SEOUL.- Gagosian announced 좋은밤 Good Night, an exhibition of new paintings by Harold Ancart. The opening took place on April 3, 2025, at APMA (Amorepacific Museum of Art) Cabinet, a project space in the headquarters of Amorepacific.

Ancart’s paintings portray the natural world and built environments. Alluding to a range of art historical sources and often characterized by abstract passages of color, his most recent works aim to develop a connection between the landscape and the inner self.

The works on view concentrate on nocturnal scenes. In two of the canvases, bodies of water are framed by dark skies and rock formations. Two further compositions are arrangements of trees and other plants, while the titular work returns the viewer to a constructed environment.

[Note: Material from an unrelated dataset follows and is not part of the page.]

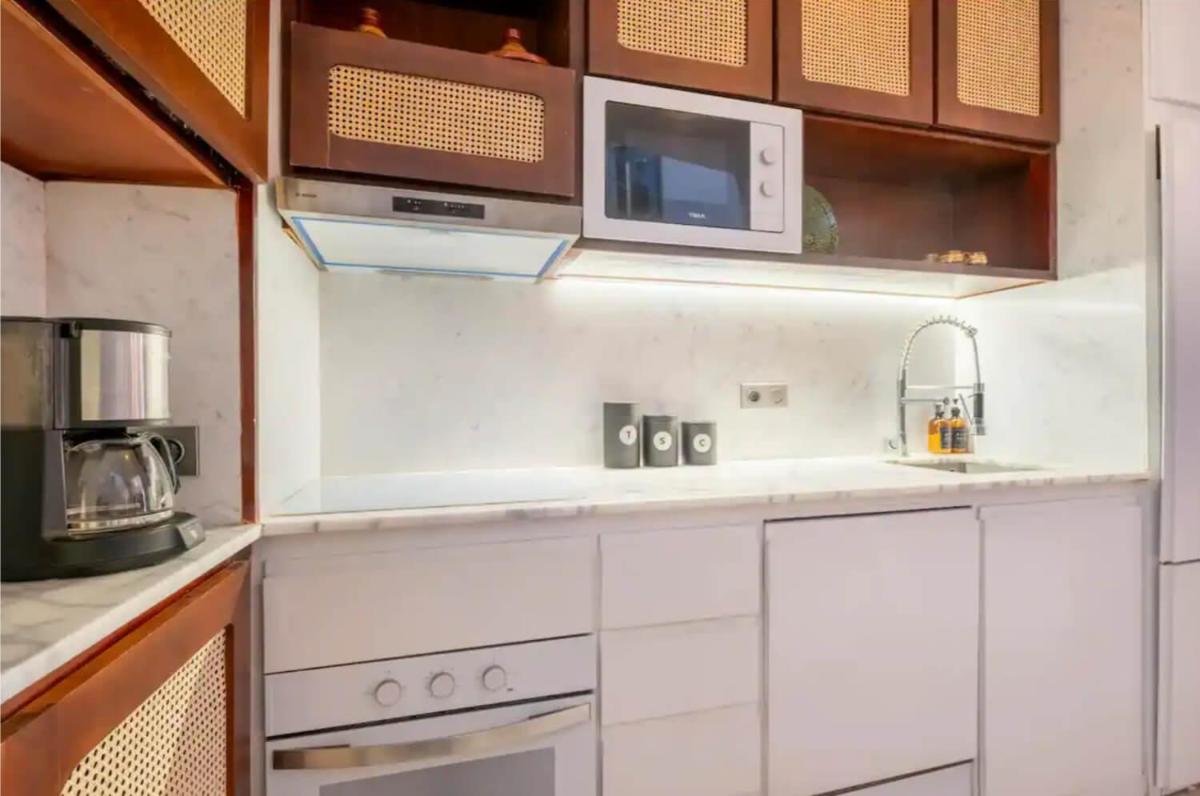 Absinthe Guest House - Housity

For Ancart, the subjects of his paintings often serve as “alibis” for him to experiment with paint and color. The paintings in 좋은밤 Good Night blur the boundaries between figuration and abstraction: “Objects and their surroundings do not appear as clearly defined when lit up by moonlight, the stars, or a streetlight as they do during daytime. Where one doesn’t perceive clearly, one must be perceiving differently. In the shadows, things seem to be more susceptible to metamorphosis,” says the artist.

In Sleeping Tree (2025), a single tree stands at the center of the composition. The mottled dark blue of its cloudlike foliage merges into the sky behind it as a dense, multihued cluster of other plants rise from the soil beneath. In another work, Field and Dawn (2025), a tree is shadowed by several smaller ones against a diffuse horizon that glows orange and white. In the two seascapes, respectively titled View and Grand View (both 2025), Ancart focuses the viewer’s attention on an identical scene in which subtle color combinations shift as if traveling in time from the early evening deeper into the night.

Finally, in Good Night (2024), Ancart juxtaposes the pink blossoms of a tree that stands outside a house with fragments of the landscape paintings—surely his own—that hang on the wall inside. As in the other works on view, dark blue splotches interrupt the surface of this work. This effectively conjoins the scene’s different elements and serves as a reminder of the constructed nature of this and every work of art.